For bacterial samples, there was evidence of a temporal split (Fig. 1), with T-RFLP data segregating based on sampling date, but no obvious segregation between treated and control animals was observed within the temporal segregation pattern. Temporal variation is something which is not entirely unexpected, as the horses were outside grazing on general pasture. Therefore they were not restricted in terms of the choice of their diet, and the composition of the plant material would almost certainly be influenced by weather conditions. During the sampling period maximum daily temperatures ranged from 14–21°C, minimum temperatures ranged from 4–12°C, and daily rainfall ranged from 0−15 mm, although it is worth noting that there was 88 mm of rainfall in West Wales on the day immediately prior to collection (day-1) (http://www.weatheronline.co.uk).

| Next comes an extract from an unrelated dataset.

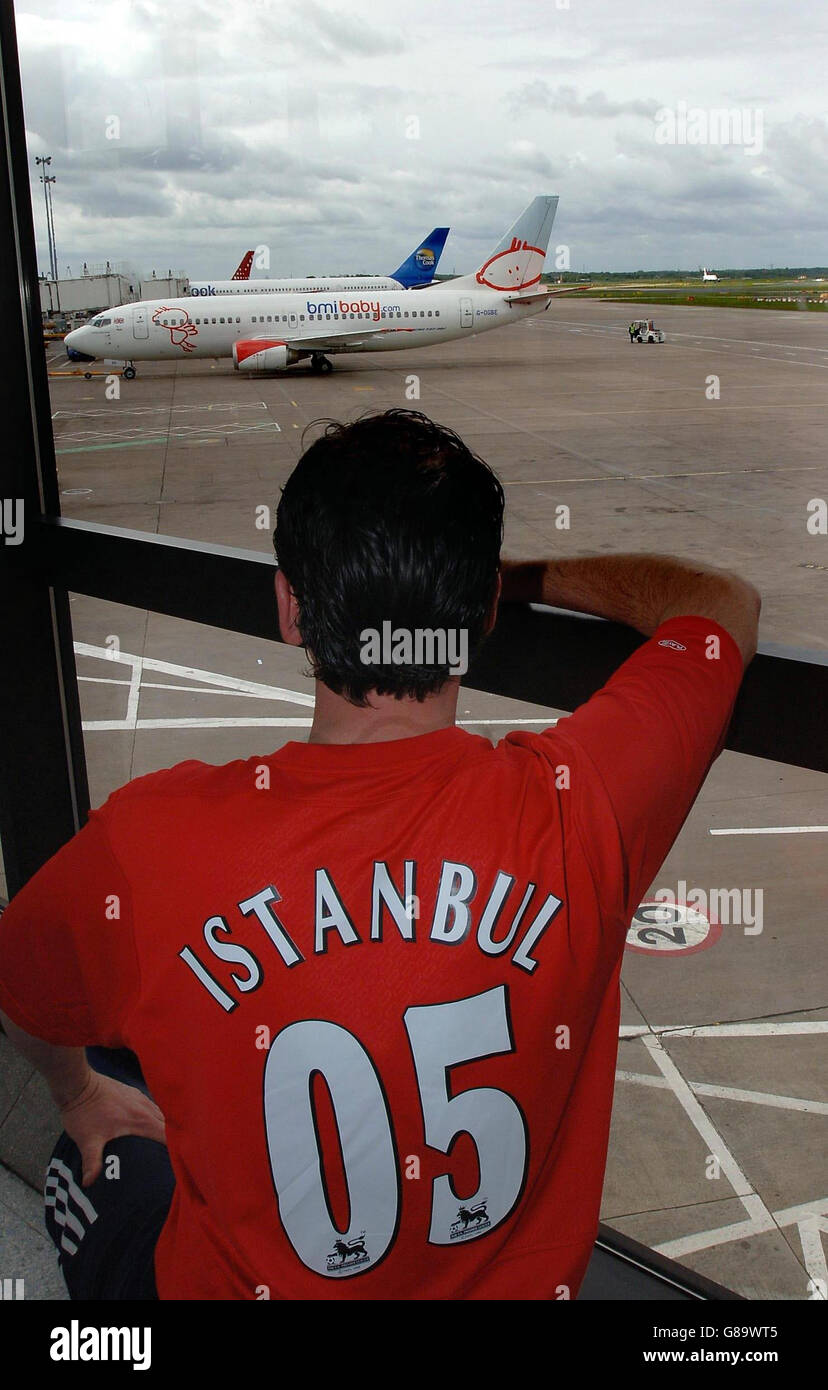 Un supporter de Liverpool attend à l'aéroport de Manchester un vol pour Istanbul. Banque D'Images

Given this range of climatic conditions, it is highly likely that there would be chemical changes (e.g., sugar composition) in the plants. In turn these differences could have an influence on the bacteria capable of utilising the plants and therefore able to proliferate on a day-to-day basis.

In addition, based on FT-IR data, no obvious difference in metabolite patterns could be detected. While FT-IR is a measure of the abundance of bonds, rather than individual molecules present, there is a relationship between the two, and the technique has been used to provide a good indication of the range of metabolites from digested plant material [13]. Thus, although T-RFLP data (Fig. 1) suggest temporal differences in the bacteria present, the differences do not appear to impact on the final metabolites (Fig. 2) available to the animal.

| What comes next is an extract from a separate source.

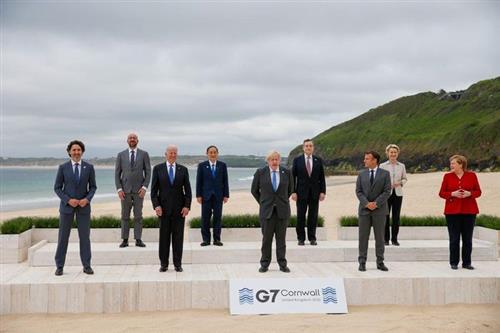Lãnh đạo các nước G7. Ảnh: AP.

While there are limitations associated with the current work due to the fact that faecal samples were used to give an indication of the microbes and metabolites in the hindgut. The samples were collected immediately after being voided and so provided a non-invasive measure of microbes and metabolites which were recently within the hindguts of the horses. Moreover, given the non-invasive nature of the work, the present study provides an indication of what could be carried out with horses owned as companion or competitive animals, rather than just horses which have been designated as experimental animals.

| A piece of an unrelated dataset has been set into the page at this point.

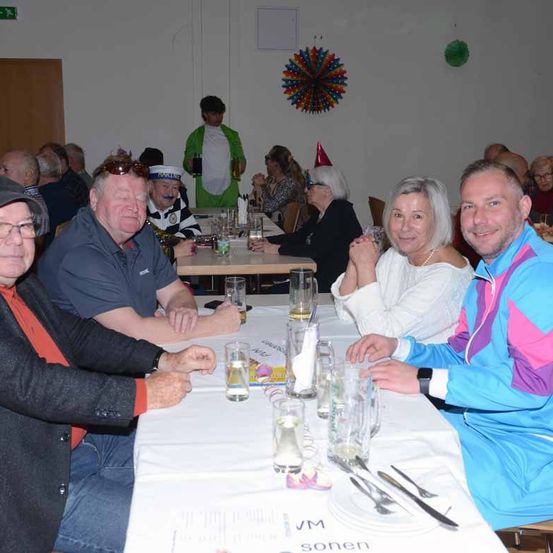 Bild enthält, Dining Room, Dining Table, Indoors, Table, Restaurant, Cafeteria, Adult, Male, Man, Person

While it was anticipated that the worming agent was unlikely to affect the composition of the microbial community, it was unknown what effects the removal of worms would have on the numbers and relative abundance of both these microbes and the metabolites they produce. We conclude that the current work suggests that treatment with this specific worming agent does not lead to a change in either the bacterial or protozoal populations. In addition no change was detected in the major chemical bonds present, suggesting that it was not possible to detect a change in the major metabolites being produced. In turn this suggests that the only effect to be had from treatment with this worming agent is its intended purpose of killing intestinal worms.